Satu
sore di serambi rumahnya di kawasan Dewi Sartika, Jakarta Timur, antropolog
Betawi, Yasmine Zaki Shahab (64), menghidangkan samosa. Kudapan mirip pastel
berisi daging cincang itu berasal dari Gujarat, India. “Lidah Hadrami, apalagi
peranakan Hadrami-Betawi seperti saya, lebih cocok dengan makanan India
ketimbang yang asli Arab,” katanya.
Kaum
Hadrami, sebutan untuk orang Hadramaut, Yaman Selatan, yang datang ke
Indonesia, sebelumnya bermigrasi di Gujarat. Sebagian berasal dari kelompok
sayid. Mereka datang ke Indonesia untuk berdagang dan menyebarkan agama Islam
(LWC van den Berg, Orang Arab di
Nusantara).
Hadramaut
mengenal empat golongan masyarakat, yakni golongan sayid, suku-suku, menengah,
dan budak. Golongan sayid adalah keturunan al-Hussain, cucu Nabi Muhammad SAW.
Mereka bergelar habib dan membentuk kebangsawanan beragama di mana pun tinggal.
Sebagian di antara mereka dikenal sebagai ulama besar yang memiliki jaringan
internasional. Kalangan elite Muslim di India, terutama di Gujarat, sangat
menghormati mereka.
Para
sayid datang ke Nusantara pada akhir abad ke-18. Awalnya, mereka tinggal di
Aceh, lalu ke Palembang dan Pontianak. Setelah tahun 1820, kebanyakan mereka
mulai menetap di Jawa.

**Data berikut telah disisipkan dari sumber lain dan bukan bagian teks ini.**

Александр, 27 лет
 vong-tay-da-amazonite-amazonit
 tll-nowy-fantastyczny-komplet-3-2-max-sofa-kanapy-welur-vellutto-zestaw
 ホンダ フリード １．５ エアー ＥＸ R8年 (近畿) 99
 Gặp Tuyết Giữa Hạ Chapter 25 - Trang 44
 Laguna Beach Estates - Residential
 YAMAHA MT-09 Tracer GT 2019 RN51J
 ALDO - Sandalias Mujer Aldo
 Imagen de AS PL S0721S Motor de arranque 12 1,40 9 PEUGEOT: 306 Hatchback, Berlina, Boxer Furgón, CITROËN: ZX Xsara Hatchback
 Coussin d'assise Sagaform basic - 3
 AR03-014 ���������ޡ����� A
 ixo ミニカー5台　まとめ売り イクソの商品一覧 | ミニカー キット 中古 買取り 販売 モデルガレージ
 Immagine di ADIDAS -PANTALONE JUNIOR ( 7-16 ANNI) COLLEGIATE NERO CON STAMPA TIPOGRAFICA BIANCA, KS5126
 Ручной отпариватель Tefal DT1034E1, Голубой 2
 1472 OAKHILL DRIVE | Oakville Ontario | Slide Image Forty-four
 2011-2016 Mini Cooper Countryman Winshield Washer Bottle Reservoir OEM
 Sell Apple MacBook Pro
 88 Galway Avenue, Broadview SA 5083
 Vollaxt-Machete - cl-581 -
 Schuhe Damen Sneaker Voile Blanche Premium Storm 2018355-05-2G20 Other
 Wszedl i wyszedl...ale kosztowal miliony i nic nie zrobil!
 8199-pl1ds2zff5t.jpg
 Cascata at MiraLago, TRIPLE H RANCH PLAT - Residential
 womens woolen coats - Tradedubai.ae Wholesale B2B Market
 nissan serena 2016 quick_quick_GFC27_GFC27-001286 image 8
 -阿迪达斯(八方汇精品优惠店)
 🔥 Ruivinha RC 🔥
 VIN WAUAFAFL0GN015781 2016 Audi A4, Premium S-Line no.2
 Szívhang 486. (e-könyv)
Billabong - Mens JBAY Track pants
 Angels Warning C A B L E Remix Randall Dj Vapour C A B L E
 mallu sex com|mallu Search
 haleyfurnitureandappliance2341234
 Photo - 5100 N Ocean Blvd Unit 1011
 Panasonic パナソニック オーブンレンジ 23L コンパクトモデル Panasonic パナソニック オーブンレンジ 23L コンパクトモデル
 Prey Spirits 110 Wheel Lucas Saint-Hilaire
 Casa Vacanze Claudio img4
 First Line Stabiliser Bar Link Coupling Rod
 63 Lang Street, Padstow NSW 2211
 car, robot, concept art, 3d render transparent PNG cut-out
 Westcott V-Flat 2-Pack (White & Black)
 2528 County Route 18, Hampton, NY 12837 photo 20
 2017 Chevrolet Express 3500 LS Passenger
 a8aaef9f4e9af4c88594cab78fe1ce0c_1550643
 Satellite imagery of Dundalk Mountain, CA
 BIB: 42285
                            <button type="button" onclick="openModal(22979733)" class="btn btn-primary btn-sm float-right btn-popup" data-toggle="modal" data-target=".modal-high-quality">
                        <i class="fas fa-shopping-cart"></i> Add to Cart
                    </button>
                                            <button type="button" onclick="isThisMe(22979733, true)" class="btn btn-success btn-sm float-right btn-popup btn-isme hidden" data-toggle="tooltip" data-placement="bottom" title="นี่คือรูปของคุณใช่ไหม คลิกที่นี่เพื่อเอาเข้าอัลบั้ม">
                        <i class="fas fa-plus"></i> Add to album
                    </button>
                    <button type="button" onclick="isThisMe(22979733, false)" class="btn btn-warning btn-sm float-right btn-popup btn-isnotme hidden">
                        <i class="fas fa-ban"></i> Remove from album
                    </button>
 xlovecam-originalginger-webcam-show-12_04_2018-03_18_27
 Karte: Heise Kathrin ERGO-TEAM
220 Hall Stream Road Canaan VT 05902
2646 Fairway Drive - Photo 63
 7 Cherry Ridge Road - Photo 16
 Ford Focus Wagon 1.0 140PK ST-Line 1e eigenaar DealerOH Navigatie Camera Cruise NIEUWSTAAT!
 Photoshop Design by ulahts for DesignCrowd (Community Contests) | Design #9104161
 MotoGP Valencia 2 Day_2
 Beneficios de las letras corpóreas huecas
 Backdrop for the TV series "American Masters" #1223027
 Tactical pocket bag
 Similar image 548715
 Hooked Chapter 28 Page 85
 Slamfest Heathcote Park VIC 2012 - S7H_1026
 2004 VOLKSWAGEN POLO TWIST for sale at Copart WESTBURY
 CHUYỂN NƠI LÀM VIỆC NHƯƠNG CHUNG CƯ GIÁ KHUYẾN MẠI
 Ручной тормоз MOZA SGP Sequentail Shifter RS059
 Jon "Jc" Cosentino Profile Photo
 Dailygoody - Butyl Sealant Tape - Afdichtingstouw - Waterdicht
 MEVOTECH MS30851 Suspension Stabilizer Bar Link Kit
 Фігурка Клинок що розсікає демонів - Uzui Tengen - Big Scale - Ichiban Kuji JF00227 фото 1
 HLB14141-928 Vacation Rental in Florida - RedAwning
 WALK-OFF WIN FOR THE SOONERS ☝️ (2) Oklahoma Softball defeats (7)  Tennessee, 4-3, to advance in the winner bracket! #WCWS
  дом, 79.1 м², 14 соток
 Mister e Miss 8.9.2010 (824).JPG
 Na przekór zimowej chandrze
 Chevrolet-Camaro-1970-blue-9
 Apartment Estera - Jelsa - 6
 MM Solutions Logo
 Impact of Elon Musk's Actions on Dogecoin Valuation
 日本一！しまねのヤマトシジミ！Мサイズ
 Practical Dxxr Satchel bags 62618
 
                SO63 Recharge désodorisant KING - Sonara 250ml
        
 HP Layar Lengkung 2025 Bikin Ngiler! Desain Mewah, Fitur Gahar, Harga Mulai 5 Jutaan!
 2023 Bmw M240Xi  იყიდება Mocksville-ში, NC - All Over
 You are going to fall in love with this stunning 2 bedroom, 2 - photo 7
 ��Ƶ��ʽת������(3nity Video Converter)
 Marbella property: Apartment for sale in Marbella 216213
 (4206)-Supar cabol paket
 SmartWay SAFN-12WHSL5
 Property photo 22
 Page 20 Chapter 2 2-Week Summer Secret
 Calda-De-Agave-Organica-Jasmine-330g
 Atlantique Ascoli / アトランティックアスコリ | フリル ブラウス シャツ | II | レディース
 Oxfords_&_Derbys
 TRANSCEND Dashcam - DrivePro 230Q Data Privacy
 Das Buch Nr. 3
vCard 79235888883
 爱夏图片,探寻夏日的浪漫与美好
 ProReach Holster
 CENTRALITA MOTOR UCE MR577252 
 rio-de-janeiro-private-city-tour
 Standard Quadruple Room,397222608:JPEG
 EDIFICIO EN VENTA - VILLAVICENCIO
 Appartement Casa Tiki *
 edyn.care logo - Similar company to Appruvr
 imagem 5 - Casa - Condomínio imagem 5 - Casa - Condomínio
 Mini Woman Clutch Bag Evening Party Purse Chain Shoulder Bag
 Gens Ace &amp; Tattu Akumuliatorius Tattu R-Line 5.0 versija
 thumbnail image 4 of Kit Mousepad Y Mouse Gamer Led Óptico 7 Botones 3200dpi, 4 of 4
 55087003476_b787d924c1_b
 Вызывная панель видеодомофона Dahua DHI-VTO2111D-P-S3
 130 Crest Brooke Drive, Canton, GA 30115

Sama seperti saat mereka tinggal di Gujarat, di
Nusantara mereka juga sangat dihormati karena posisinya sebagai keturunan dan
pewaris nabi.
Dalam
buku Orang Arab di Nusantara, menurut
sensus penduduk Hindia Belanda tahun 1885, jumlah kaum Hadrami di Batavia
mencapai 1.448 orang, di Surabaya ada 1.145 orang, Gresik 867 orang, Cirebon
834 orang, Pekalongan 757 orang, dan Semarang 600 orang.
Di
Batavia, golongan sayid menjadi minoritas kaum Hadrami. Di Pekalongan, sebagian
besar kaum Hadrami berasal dari golongan sayid. Kalangan sayid menikah dengan
anak perempuan pemimpin dan pemuka setempat.
Imigran
Hadrami hanya terdiri dari pria. Sebab, istri mereka enggan meninggalkan
Hadrami dan meninggalkan Hadramaut dan memilih kembali tinggal bersama
orangtuanya. Namun, poligami hanya terjadi dalam perantauan. Menurut LWC van
den Berg, poligami tak berakar dalam tradisi Hadrami. Di Hadramaut, jika
seorang suami mengambil istri kedua, istri pertama akan pergi dari rumah dan
tinggal di rumah orangtuanya. Itu memaksa suami menceraikan istri pertamanya.
Masuk Pekojan
Tahun
1844, komunitas Hadrami di Batavia membengkak, membuat Pemerintah Hindia
Belanda menunjuk seorang kapitan Arab yang bakal memimpin kampung Arab. Di masa
pemerintahan Gubernur Jenderal VOC Jan Pieterszoon Coen (1619-1622, 1627-1629)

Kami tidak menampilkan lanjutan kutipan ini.